All'inizio di Essere e tempo Martin Heidegger riporta le seguenti parole di Platone: "Sembra che voi siate già da molto tempo familiari con ciò che intendete dire, quando usate l'espressione "essente". Noi una volta pensavamo di intenderlo, ma ora ci è rimasto solo imbarazzo."

[1] Heidegger ripropone la questione del senso e della verità dell'essere, che egli vede chiaramente caduta in oblio. Oblio dell'essere (Seinsvergessenheit) significa per Heidegger la dimenticanza del proprio essere in contrasto col nulla e la mancanza dello stupore che questo incontro dovrebbe suscitare: "Solo l'uomo fra tutti gli essenti può conoscere, chiamato dalla voce dell'essere, la meraviglia delle meraviglie: che qualcosa è."[2] E non gli mancano le espressioni per descrivere questo stato: Heidegger parla di Abfall (deiezione), Verfall (rovina) e Zerfall (decadimento).  Però normalmente, come dice in Essere e tempo, opera capitale uscita per la prima volta nel 1927, la questione non viene solo dichiarata come superflua, ma la sua mancanza viene anche argomentata: si dice che l'essere non è solo il concetto più generale ma anche che è assolutamente vuoto e che questa parola indefinibile non avrebbe neanche bisogno di una definizione. Ognuno la usa in qualsiasi momento e ha già dentro di sé l'intendimento di che cosa sta significando. Per questo motivo secondo Heidegger, sarebbe diventato una cosa ovvia, sonnenklar (chiaro come il sole), quello svelato che ancora ai tempi antichi era in grado di suscitare grande sconcerto e incapacitazione.

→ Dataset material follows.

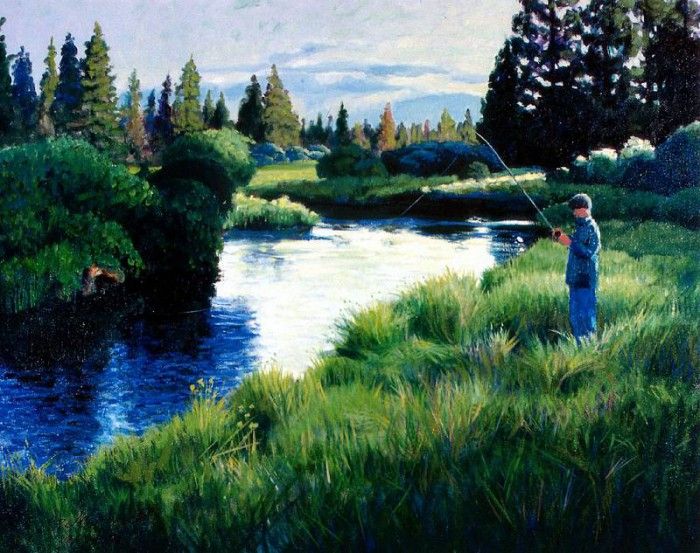 Aaw111 Reverend Robert L. Schwenk Fishing the Little Deschutes sqs. ,   L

In Introduzione alla metafisica, che contiene testi dei corsi universitari tenuti a Friburgo nell'estate del 1935, Heidegger chiede se "l'essere non è che l'ultima traccia di una realtà che dilegua e nei cui confronti il solo atteggiamento da prendere è ormai di lasciarla dileguare del tutto nell'indifferenza? Oppure l'essere è la cosa più degna di discussione? Con il porci in tal modo la domanda noi compiamo il passo decisivo che da un fatto indifferente e dalla pretesa vacuità di significato della parola "essere" ci conduce all'avvenimento più degno di essere discusso, ossia al fatto che l'essere si schiude necessariamente nel nostro comprendere."[3] Heidegger si pone la questione in un tempo in cui il nulla ha aggredito la possibilità stessa di porre un fondamento e questo pare senza soluzione. Il Cristianesimo che ancora nel secolo scorso aveva dato un senso al crudo essere non è più in grado di colmare la voragine. Le religioni in senso tradizionale sono impotenti di fronte alla nuova inquietante apparizione. Da un lato la religione come ambito nel quale cercare risposte è stata rimpiazzata, resa superflua dal credo scientifico-materialista che si basa sul presupposto che "il pensiero sta al cervello come la bile al fegato", certamente non in grado di affrontare il problema del senso, di fondare valori. Dall'altro lato è stato l'Esistenzialismo che con sentenze come "L'esistenza precede l'essenza"[4] ci ha fatto vedere l'illusorietà di ogni possibile senso, di un Dio, del sacro: niente può più fungere da fondamento, neanche Dio, perché ogni fondamento, in quanto è, ricade nella questione.  Heidegger si pone allora la questione del senso dell'esistenza; si chiede qual è il vero senso dell'essere a prescindere da tutti i nostri tentativi effimeri di invenzione di senso. Quale è un atteggiamento lecito verso l'esistenza? "Heidegger palesava l'impossibilità di un Dio-fondamento e di una teologia in senso classico. Se Dio c'è ricade nella domanda fondamentale; perciò quale valore, quale sacro, quale teologia dopo la lezione dell'esistenzialismo?" [5]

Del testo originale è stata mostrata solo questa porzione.